Theory and development of GPS integrity monitoring system

This thesis discusses various aspects of the integrity monitoring of GPS applied to civil aircraft navigation in different phases of flight. These flight phases include en route, terminal, non-precision approach and precision approach. The thesis includes four major topics: probability problem of GPS navigation service, risk analysis of aircraft precision approach and landing, theoretical analysis of Receiver Autonomous Integrity Monitoring (RAIM) techniques and RAIM availability, and GPS integrity monitoring at a ground reference station. Particular attention is paid to the mathematical aspects of the GPS integrity monitoring system. The research has been built upon the stringent integrity requirements defined by civil aviation community, and concentrates on the capability and performance investigation of practical integrity monitoring systems with rigorous mathematical and statistical concepts and approaches. Major contributions of this research are: • Rigorous integrity and continuity risk analysis for aircraft precision approach. Based on the joint probability density function of the affecting components, the integrity and continuity risks of aircraft precision approach with DGPS were computed.
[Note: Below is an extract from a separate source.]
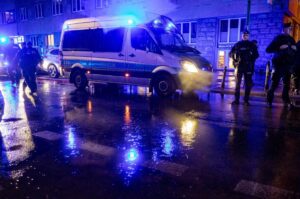 La Policía de Polonia rodea el Constitucional en el estallido de una crisis sobre la cúpula de la corte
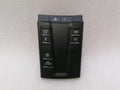 Porsche Cayman 718 GT4 Schalter 982959714F CAR BLIP CONSOLE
This advanced the conventional method of allocating the risk probability. • A theoretical study of RAIM test power. This is the first time a theoretical study on RAIM test power based on the probability statistical theory has been presented, resulting in a new set of RAIM criteria. • Development of a GPS integrity monitoring and DGPS quality control system based on GPS reference station. A prototype of GPS integrity monitoring and DGPS correction prediction system has been developed and tested, based on the A USN A V GPS base station on the roof of QUT ITE Building.